Chronic venous ulcers are determinants of worse socioeconomic conditions because they are reasons for absenteeism, which represent a burden for the health and social security system(3), and because they establish a situation of functional dependence that puts a strain on family relations(26). The rate of chronic injuries reveals the lack of problem-solving ability in the healing process of these wounds and the persistent influence of popular knowledge on personal care results in cases of intoxication or other health problems, due to the improper use of medicinal plants(3,26). Therefore, actions need to be systemized with a view to patients' complete cure. In this respect, countless researchers have focused on the use of physical resources(27).

Among treatment resource options, this research focuses on the use of Microcurrent Electric Neuromuscular Stimulation - MENS, due to its results in pain control, edema control and wound healing, besides its anti-inflammatory and bactericide effects(22,28-29). Microcurrent electric stimulation applied to cutaneous injuries enhances tissue reparation because it normalizes the endogenous flow of the lesion currents (electric bioimpedance), which are situated in the same range as the microcurrent (in microamperes), expressing the idea that the microcurrent is defined as a physiological, homeostatic and normalizing electrostimulation(17, 20, 30-31).

Nevertheless, although studies prove the benefic effects of the microcurrent in the pain and healing process of different tissues, little is known so far about its effects in venous ulcer treatment.

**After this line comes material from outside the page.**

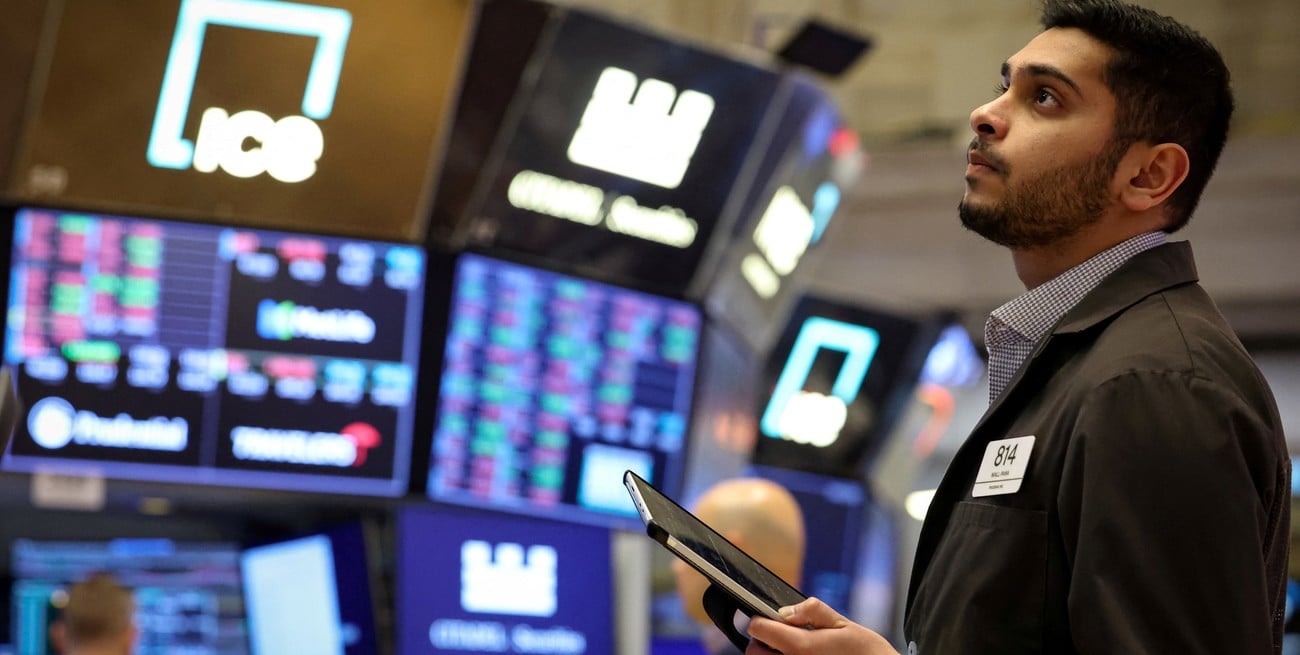 El riesgo país tocó 493 puntos, mínimo desde 2018, y los bonos siguieron en verde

In this study, pain was assessed (VAS), as well as the ulcer area (planimetry) of individuals with venous ulcer. Concerning pain, the results demonstrated that the microcurrent effectively reduced the patients' pain after only four weeks of intervention. This result is important, as chronic ulcer compromise victims' quality of life, mainly due to the pain and loss of independence, besides the relation with the presence of local infection. Other studies support our results(20-22), demonstrating that the use of the microcurrent therapy for venous ulcers is promising and, as such, can offer a non-pharmacological approach to pain control, although the physiological mechanism has not been properly clarified yet.

What the quantification of ulcer size is concerned, using planimetry on vegetal paper and the software Image J®, these study results demonstrate a significant reduction in the ulcer area, after the applications, in the microcurrent group. When compared with the control group, however, the results were not significant, which can be justified by the short time during which the resource was applied and the limited sample size. As demonstrated in some studies, the application of microcurrent electric stimulation to cutaneous injuries enhances tissue reparation(20) and produces an increase in protein synthesis, intracellular calcium levels, fibroblasts, adenosine triphosphate thymidine(28,30-31). It also has bactericide effects and improves the formation and release of the vascular endothelial growth factor(22).

In this study, groups were not homogeneous with regard to age only, as patients in the microcurrent group were older than in the control group. This fact did not represent a limitation though, as studies demonstrate that older individuals experience angiogenesis and blood vessel formation and, hence, healing difficulties(32-33), as well as larger ulcers with a longer duration of ulceration, entailing a worse cure prognosis, independently of the treatment(13).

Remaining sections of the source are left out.